For Respondent(s) : None
HON'BLE THE CHIEF JUSTICE
HON'BLE MR. JUSTICE SANJEEV PRAKASH SHARMA Judgment (Per: Hon'ble Sanjeev Prakash Sharma, J.) Reserved on 18/07/2019 Pronounced on 02/09/2019
1. This appeal is by the defendants; they impugn a judgment dated 20/03/2002 passed by the Single Bench of this Court which affirmed the judgment and decree dated 28/02/1981 passed by the Additional District Judge No.1, Alwar (hereafter "the trial court") decreeing plaintiff (respondent's) suit for specific performance of contract dated 27/02/1974.
2. After filing of this special appeal, the original appellant expired; as did the plaintiff/respondents. Their legal representatives were impleaded; the latest amended cause title dated 19/12/2016 is taken on record. The special appeal was preferred prior to coming into force of the amendment made inserting Section 100-A CPC whereby such appeals were barred - against the judgment of the Single Judge before the Division Bench. The special appeal is held to be maintainable since the said provision came into force after its filing.

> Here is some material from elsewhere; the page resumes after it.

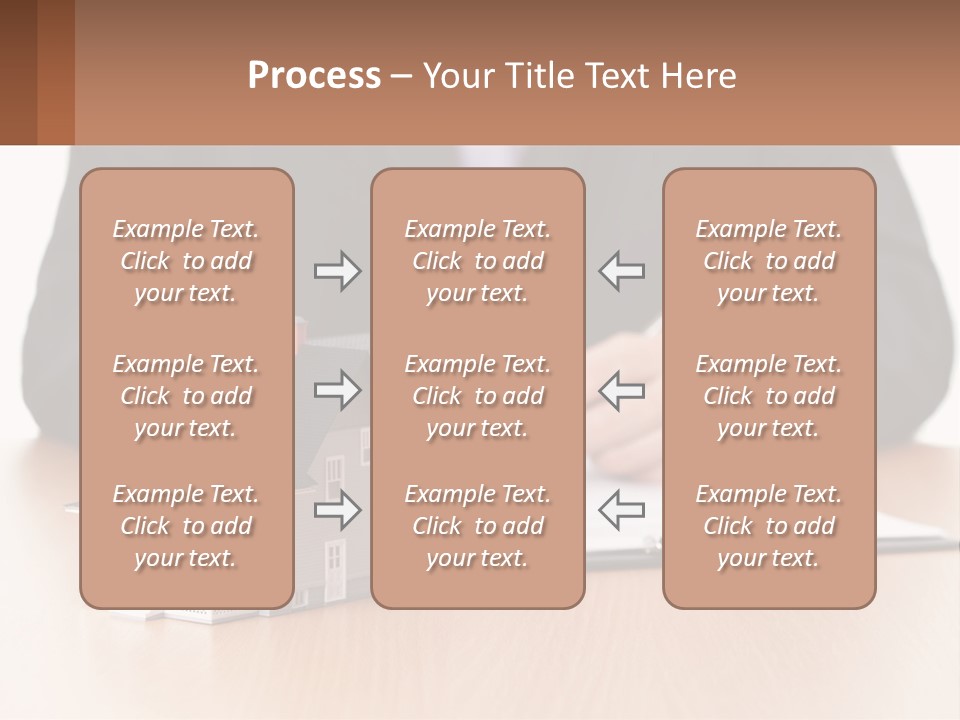 A Man In A Suit Writing On A Piece Of Paper Next To A Model House PowerPoint Template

3. It is further noticed that the appeals before the Single Judge as well as before this Court were preferred by the third and fourth defendants, who claimed that they had already entered into an agreement earlier with the promisers- first two defendants to purchase of the suit property by agreement dated 25/09/1973. They also claimed that they had executed a sale deed accordingly in their favour from the promisers on 28/05/1974.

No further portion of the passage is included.